My goal is to make a chastomized Thingpedia, in order to add/delete devices independently.
The official procedure, in step 3, says to modify the config.js file appropriately. First step is to set the value of the variable DATABASE_URL.
Therefore, I suppose it needs to create a database before. Is it right?
Can I create it with any user o it’s better use root ?
What should database contain?
Do I have to use my own NLP server whit custom thingpedia?

Thank’s a lot.

gcampax · February 23, 2020, 10:03pm

Hi!

Yes you should create a database ahead of time. Make sure to use a supported database engine (mariadb >= 10.2) for best results.
Any user will do, as long as the user has DDL (create, drop, alter) and DDL (insert, select, update, delete) permissions on the full database.
The database will be populated during bootstrap. It will contain the users who create an account on Almond, the Thingpedia devices, the dataset, the metadata about the NLP models, etc.
Yes you must run your own NLP server if you use a customized Thingpedia.

a.campetella · February 24, 2020, 10:27am

Hi Giovanni,
thank’s for your support.
I have another question about the install/cfg my own almond.
In the procedure there’s the installation of decaNLP and Almond tokenizer.
Where can I find the guide of NLP server and Almond tokenizer ?
How can I start and use the NLP server ?
What’s the function of Almond tokenizer ?

gcampax · February 25, 2020, 5:56pm

Almond Tokenizer is at https://github.com/stanford-oval/almond-tokenizer
It’s purpose is to preprocess inputs from the user, to identify numbers, dates, times, etc. It uses Stanford CoreNLP for this purpose.
The easiest way to run it is through docker, as in:

docker run -p 8888:8888 stanfordoval/almond-tokenizer

The NLP server is part of Almond Cloud. You run it as:

almond-cloud run-nlp --port ...

or if running inside a git checkout:

node ./main.js run-nlp --port ...

Like other parts of Almond Cloud, we offer systemd .service files and example k8s manifests that might be helpful to get started, but site-specific customization is often needed.

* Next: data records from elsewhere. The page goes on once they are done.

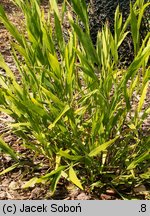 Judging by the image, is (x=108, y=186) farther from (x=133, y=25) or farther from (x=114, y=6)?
(x=114, y=6)

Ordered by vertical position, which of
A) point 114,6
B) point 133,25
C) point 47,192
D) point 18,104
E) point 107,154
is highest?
point 114,6

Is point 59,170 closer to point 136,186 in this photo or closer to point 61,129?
point 61,129

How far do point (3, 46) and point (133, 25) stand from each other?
5.94ft

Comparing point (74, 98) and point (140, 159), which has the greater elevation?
point (74, 98)

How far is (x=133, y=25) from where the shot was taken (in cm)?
121

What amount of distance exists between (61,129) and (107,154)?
233 mm

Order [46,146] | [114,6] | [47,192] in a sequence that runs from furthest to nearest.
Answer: [114,6] < [47,192] < [46,146]

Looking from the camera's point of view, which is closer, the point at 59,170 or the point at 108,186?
the point at 59,170

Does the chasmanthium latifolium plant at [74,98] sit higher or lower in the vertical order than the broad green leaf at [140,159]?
higher

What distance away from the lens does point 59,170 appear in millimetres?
1241

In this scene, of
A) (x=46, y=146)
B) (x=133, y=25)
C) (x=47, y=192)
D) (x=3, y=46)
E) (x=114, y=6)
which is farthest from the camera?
(x=3, y=46)

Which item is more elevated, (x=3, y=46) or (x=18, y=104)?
(x=3, y=46)

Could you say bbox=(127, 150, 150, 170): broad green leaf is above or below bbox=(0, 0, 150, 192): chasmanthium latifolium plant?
below

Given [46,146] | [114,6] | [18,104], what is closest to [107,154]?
[46,146]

In particular, for the NLP server, you need to specify the URL (NL_SERVER_URL in the config), and the path to the directory where the models are stored (NL_MODEL_DIR). The latter can be a local path or an Amazon S3 URL.

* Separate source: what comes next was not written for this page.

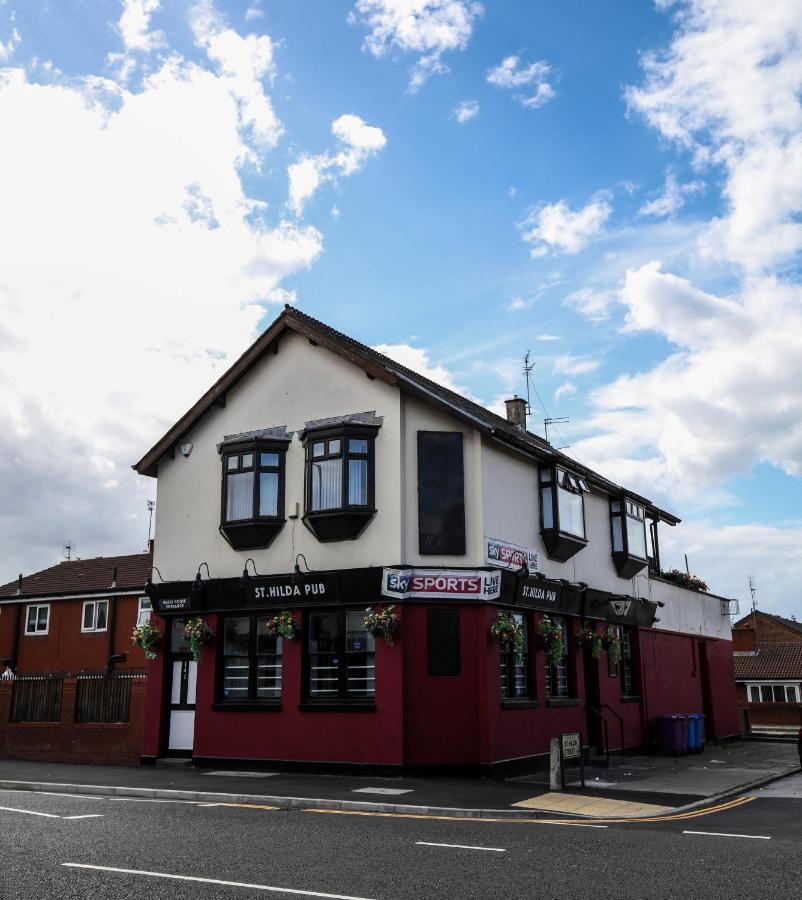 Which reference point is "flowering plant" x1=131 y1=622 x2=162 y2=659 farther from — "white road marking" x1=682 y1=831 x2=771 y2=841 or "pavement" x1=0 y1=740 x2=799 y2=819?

If you plan to train your own model, the model directory needs to be accessible from the machine running the training server. This can be accomplished using S3, using a network file system like NFS or SMB, or by setting up password-less SSH/rsync and using a file:// URL with the hostname of the NLP machine as the model directory.
The training server also needs access to the FILE_STORAGE_DIR path (or S3 URL), which is shared with the frontend server. This one cannot use rsync, only S3 or NFS/SMB.
(If you’re on AWS, S3 is by far the easiest option. NFS (Amazon EFS) is also easy but quite a bit more expensive. On Azure, SMB (Azure Files) is the best option. Everywhere else, NFS is easiest if you have used that before.)

If you don’t train your own model, you might survive by downloading a pre-trained model from https://almond.stanford.edu/luinet/models
(log in to see the “Download” button).
This is ok only if your Thingpedia does not diverge from the public one too much. Otherwise your accuracy will be very poor as the NLP server will discard most of the neural network predictions.